The new program lets home buyers apply the tax-credit advance against the FHA's 3.5% down payment requirement only if the loan is handled through a state housing-finance agency; otherwise the tax advance may only be used to cover closing costs, to increase the down payment, or to buy down the mortgage's interest rate. The FHA already allows down payment assistance from family, employers, and governmental agencies, but generally bars it from sellers, mortgage writers, or others who would benefit financially from the transaction.
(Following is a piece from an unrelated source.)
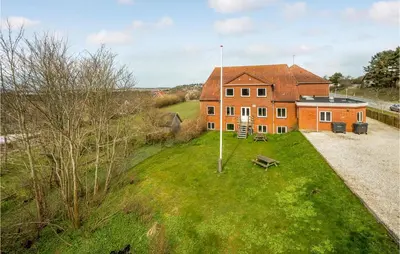 an aerial view of a house on a grass field at 5 Bedroom Stunning Home In Hanstholm in Hanstholm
How will this affect FHA defaults? Businessweek has this tidbit (emphasis added):
First, the source of a downpayment can make a big difference. For FHA-backed mortgages made in fiscal 2000, the foreclosure rate was 5.95% when homebuyers made the downpayment -- but 7.9% when it came from the buyer's family and 15% when it came, indirectly, from the seller in a practice that is now banned. When downpayment assistance came from a government agency -- eg, a state housing finance agency -- the default rate was 13.1%, more than double the rate when homebuyers coughed up the downpayment themselves.Unlike normal times where government agencies have a limited budget which means few would be able to qualify (limiting the damage).. the funding here basically comes from the borrower and so there are no budgetary restrictions. This means that the monetization of the tax credit will have a much greater impact than I previously thought. If you thought inventory was low on the low end before just wait until this program is fully implemented. Buyers will be able to have zero down and have the sellers pay closing costs... Nothing like impulse buying a house. Clearly we have learned nothing from the housing bubble.